Captain Worley said:


> On a related note, when I worked for the DoD, the higher ups deicded that they would send me on TDY to 'represent' for our group. The schedule was such that I'd have one Sunday off every two weeks. When asked why it fell to me because we had five guys in the group that could go, I was informed that I was the only single guy, and I should be happy to have a government job.
> I quit.



Good answer! I am a firm believer that little actions say a whole lot. People tell you every day how much they value you without saying a word. Those SOBs did that to you and it blew up in their face. Good job!

Ed


----------



## Capt Worley PE (Aug 6, 2007)

As an added bonus, they didn't really believe that I would go through with it, so they waited until the last day to ask to be briefed on my projects. I told them there had been plenty of time to have already done that. I was going to clear base.

Hasta la vista.


----------



## Art (Sep 1, 2007)

my cousin drives the trucks and sets the equipment up...he's not an engineer...more of a high tech roadie

he travels a lot, likes it most of the time, but a lot of short notice trips...moneys good, but no home life...


----------



## Flyer_PE (Sep 1, 2007)

Captain Worley said:


> As an added bonus, they didn't really believe that I would go through with it, so they waited until the last day to ask to be briefed on my projects. I told them there had been plenty of time to have already done that. I was going to clear base.
> Hasta la vista.


We had a guy at the nuke plant resign with a single day notice. The entire text of his resignation letter was simply "Please accept my resignation."

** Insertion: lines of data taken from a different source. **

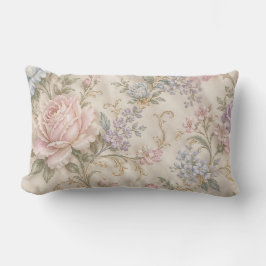 Almofada Lombar Floral Rosa Peônia Rosa Chic Desgastado Vintage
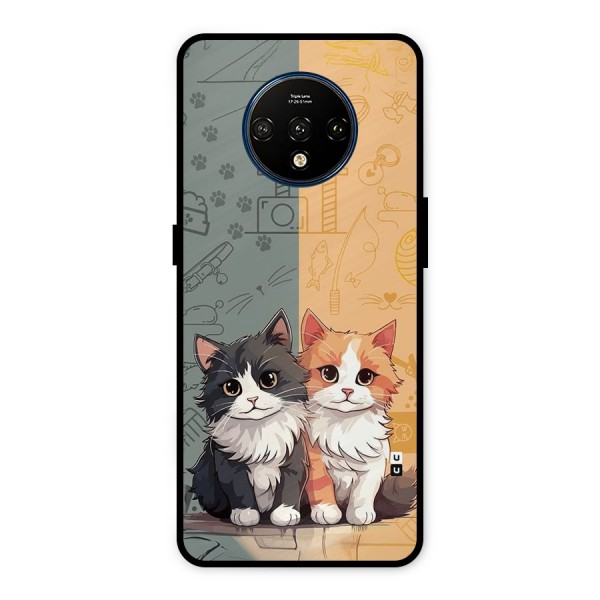 Cute Lovely Cats Metal Back Case for OnePlus 7T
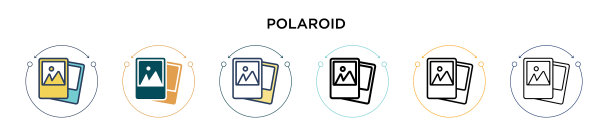 宝丽来图标在填充细线轮廓和图片下载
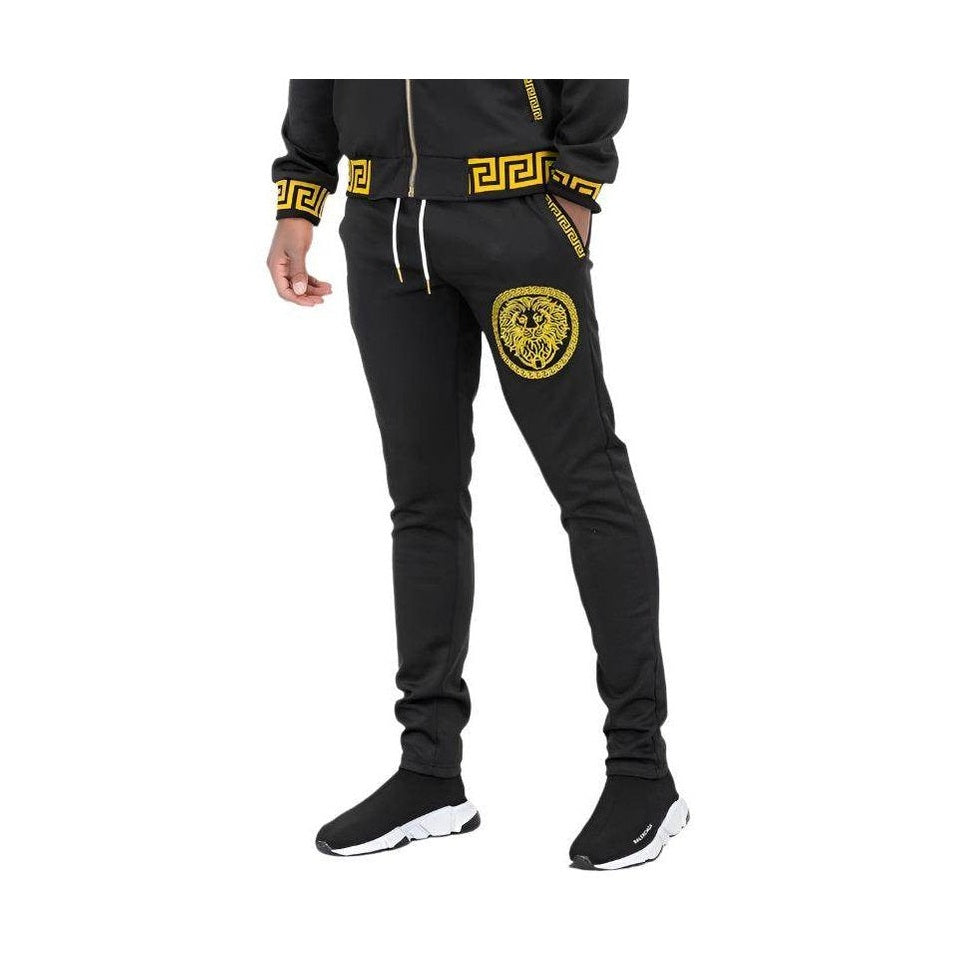 Black And Gold Detail Track Pants - VacationGrabs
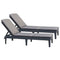 Lot 2 JAIPUR ligstoelen - Kunsthars imitatie geweven rotan - Kussen - Verstelbare rugleuning - Gr...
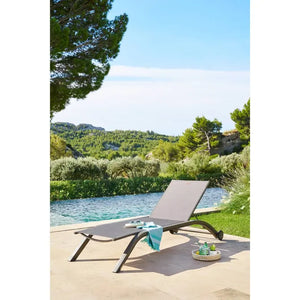 Шезлонг с колелца Hesperide Jimani, Алуминий, 77 cm, Антрацит/Графит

When they asked him about turning over to a replacement, he asked them who they had in mind. When they didn't have an answer, he decided he might as well call it done that day since he didn't have anybody to turn over to anyway. He was a hero to those of us that knew we would be bailing but hadn't quite figured out where we wanted to go.


----------



## Capt Worley PE (Sep 4, 2007)

IFR_Pilot said:


> We had a guy at the nuke plant resign with a single day notice. The entire text of his resignation letter was simply "Please accept my resignation."
> When they asked him about turning over to a replacement, he asked them who they had in mind. When they didn't have an answer, he decided he might as well call it done that day since he didn't have anybody to turn over to anyway. He was a hero to those of us that knew we would be bailing but hadn't quite figured out where we wanted to go.


I was told years later that after I up and quit, other people realized they could do the same. There was a mass exodous of my friends there over the next year. One of them suggested they erect a statue in my honor in Warner Robins to give hope to all who still were there. The base would say: " 'You don't need to put up with this. Just quit.'- Captain Worley"


----------